• **ACTIVITY**: Repeat every entry exactly. Do not include the pictures.

(Collected data)
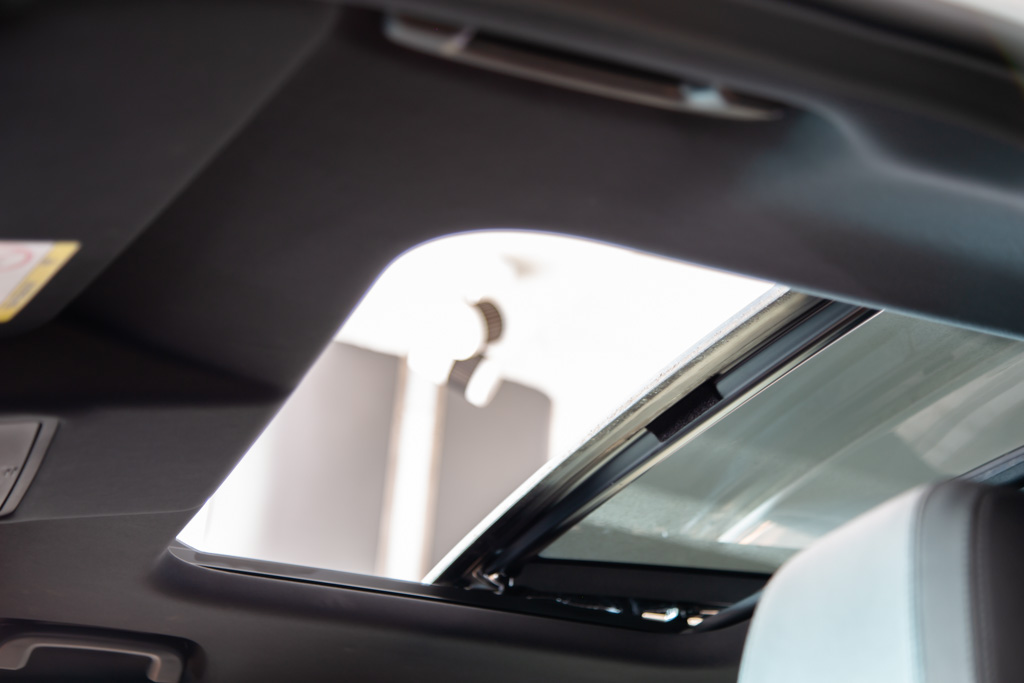 LAND ROVER DISCOVERY SE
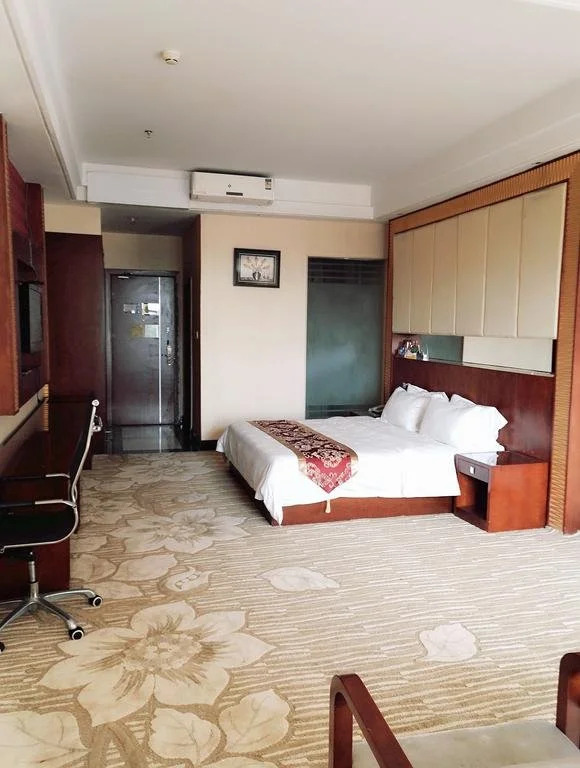 Spring Bay Hotel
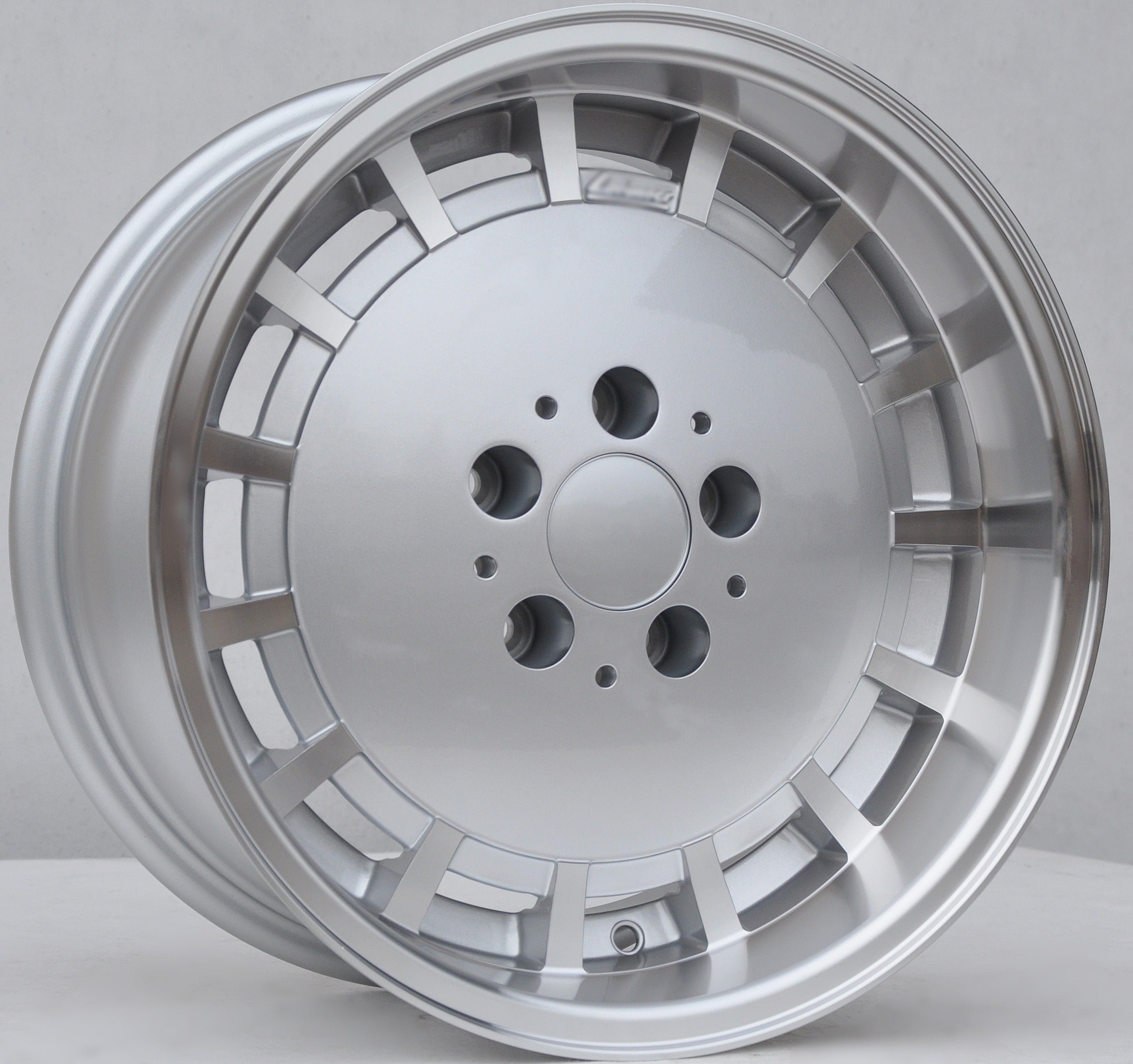 Toro Corsa SW355 Alufælge 16" 5x112 ET11 – Sølv/polerowany rant (sæt á 4)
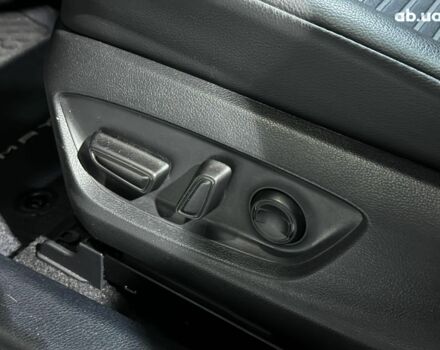 Серый Тойота Камри, объемом двигателя 2.5 л и пробегом 27 тыс. км за 27490 $, фото 13 на Automoto.ua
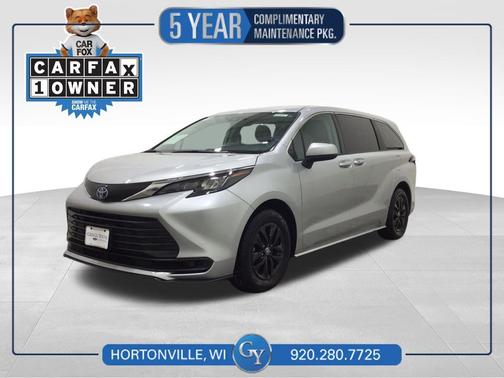 2024 Toyota Sienna LE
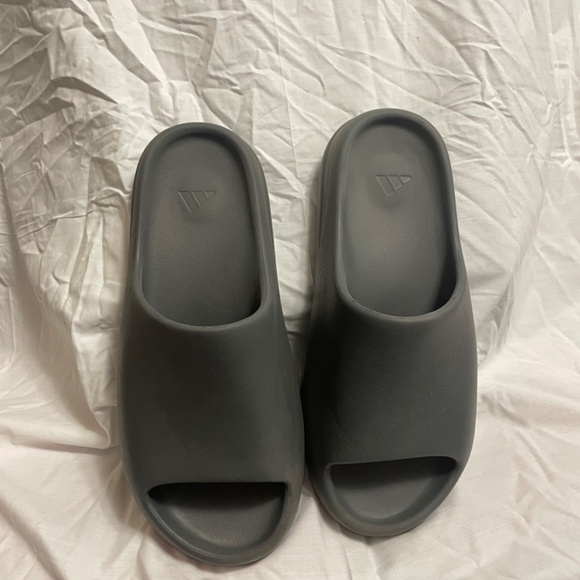 Yeezy slides granite size 14 - Picture 4 of 6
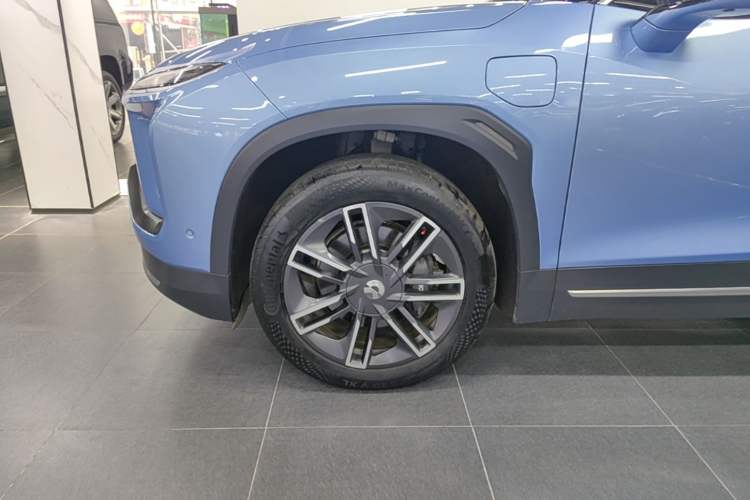 Used Nio ES6 2019 430KM First-Edition Commemorative Version Left Front Wheel Hub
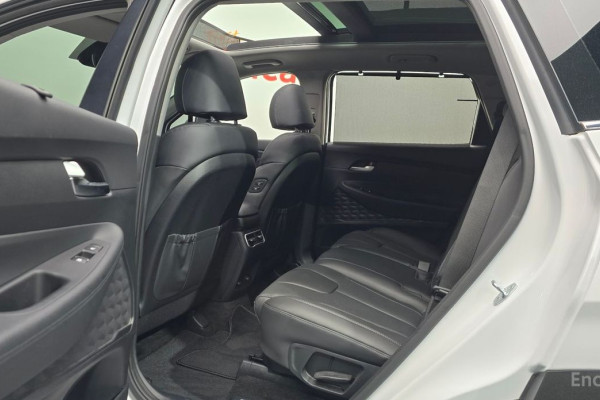 2023 Hyundai Santa Fe с пробегом 26 174 км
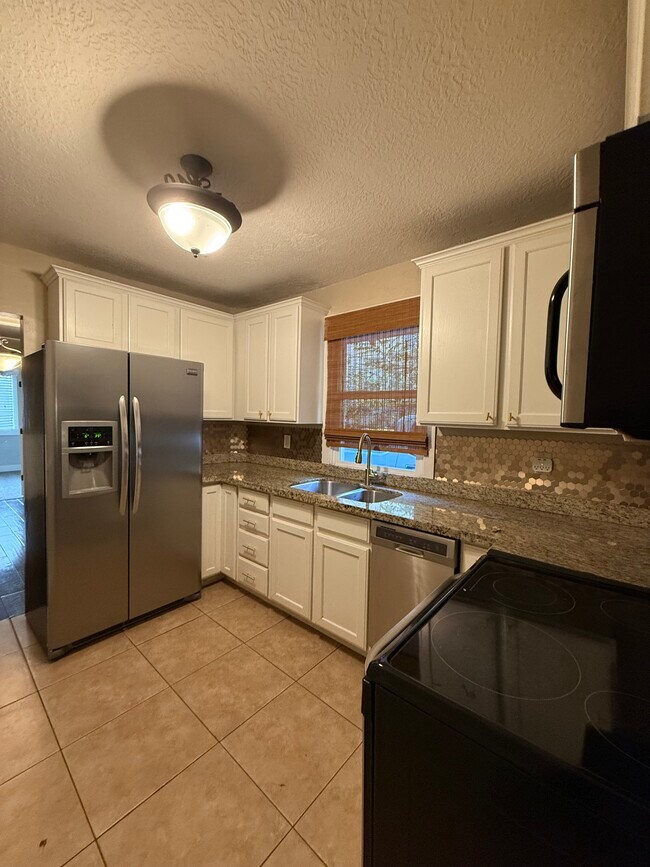 Building Photo - 807 S McClelland St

• **YOUR RESPONSE**:
 LAND ROVER DISCOVERY SE
 Spring Bay Hotel
 Toro Corsa SW355 Alufælge 16" 5x112 ET11 – Sølv/polerowany rant (sæt á 4)
 Серый Тойота Камри, объемом двигателя 2.5 л и пробегом 27 тыс. км за 27490 $, фото 13 на Automoto.ua
 2024 Toyota Sienna LE
 Yeezy slides granite size 14 - Picture 4 of 6
 Used Nio ES6 2019 430KM First-Edition Commemorative Version Left Front Wheel Hub
 2023 Hyundai Santa Fe с пробегом 26 174 км
 Building Photo - 807 S McClelland St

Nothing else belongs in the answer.